Task goal:
Please keep pictures out and return the lines below exactly, from the one holding "STREET ONE Jerseykleid" through the last, both included.

[Input records — start]

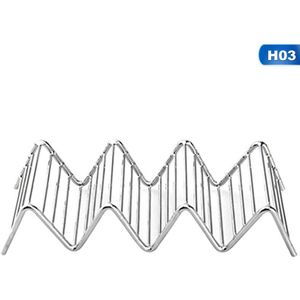 Grootste Leverancier Taco Houder Rvs Taco Stand Mexicaanse Voedsel Rek Schelpen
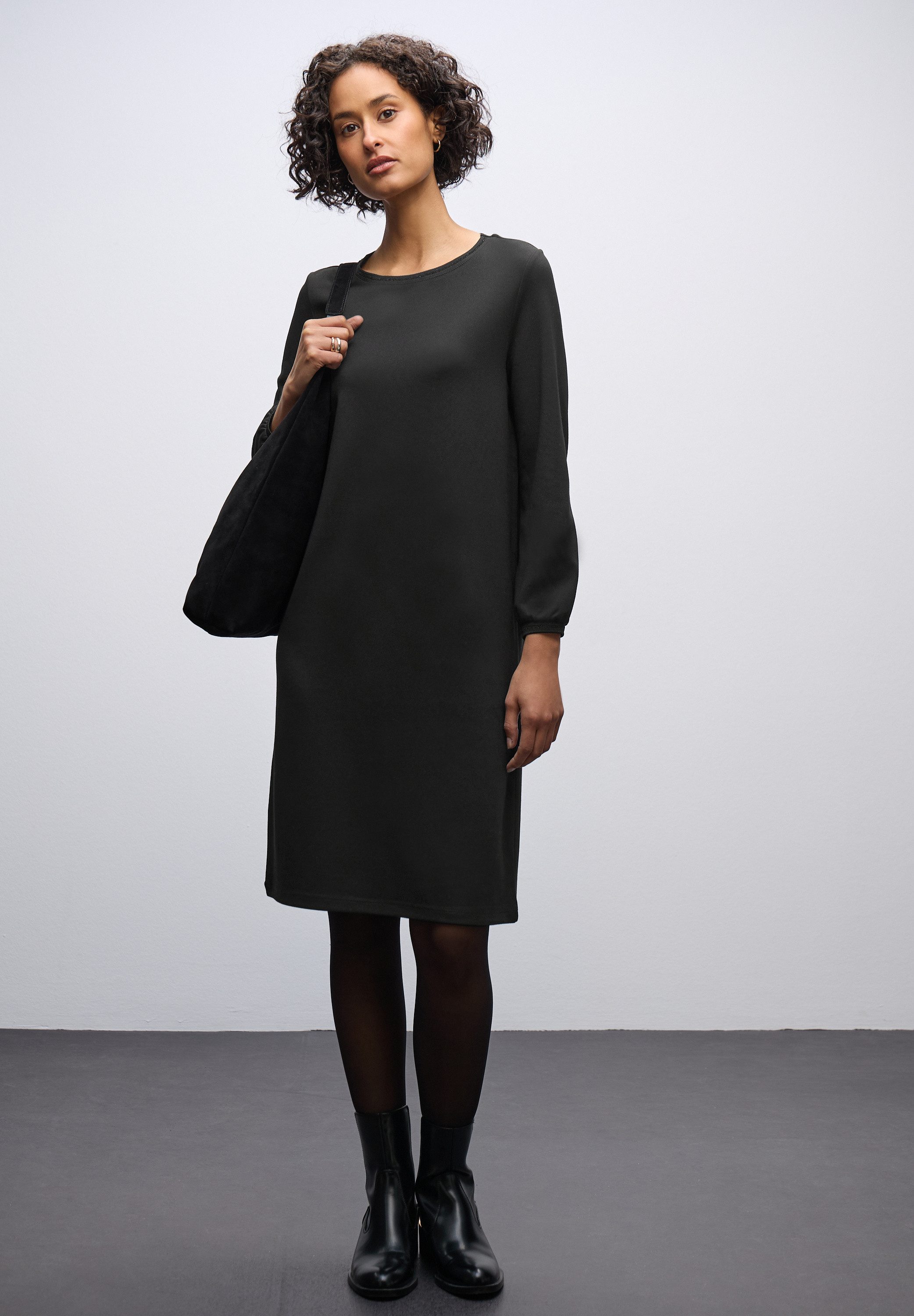 STREET ONE Jerseykleid in Unifarbe günstig online kaufen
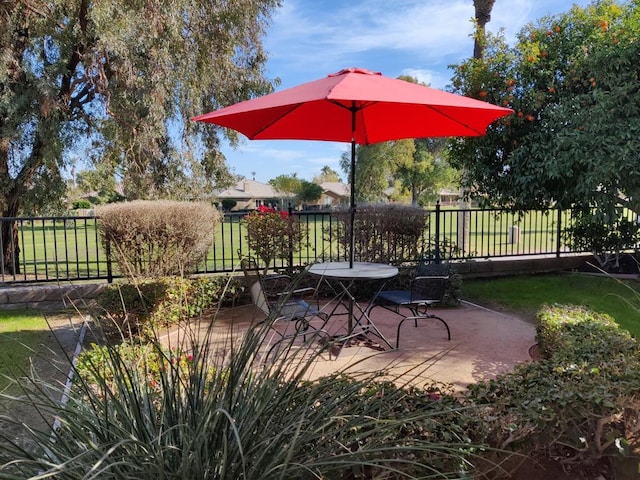 view of patio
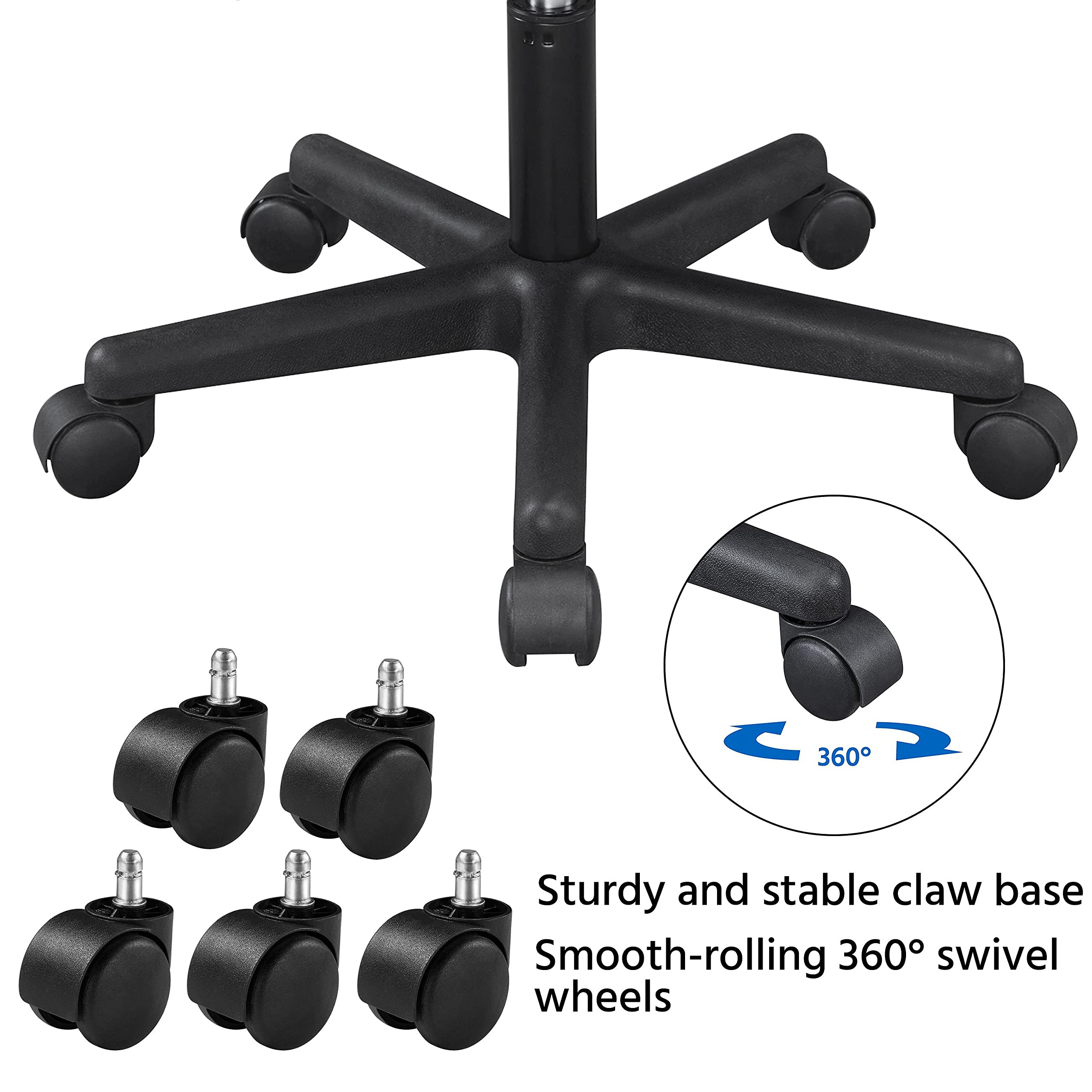 Yaheetech 2-Piece Armless Office Chair Set - Ergonomic Low Back PU Leather Adjustable Swivel Task Chair for Home Office, Computer Desk & Gaming - Black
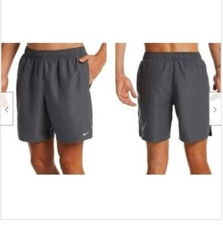 Nike Swim NESSA Mens Gray Swim Shorts Size L New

[Input records — finish]

Solution:
 STREET ONE Jerseykleid in Unifarbe günstig online kaufen
 view of patio
 Yaheetech 2-Piece Armless Office Chair Set - Ergonomic Low Back PU Leather Adjustable Swivel Task Chair for Home Office, Computer Desk & Gaming - Black
 Nike Swim NESSA Mens Gray Swim Shorts Size L New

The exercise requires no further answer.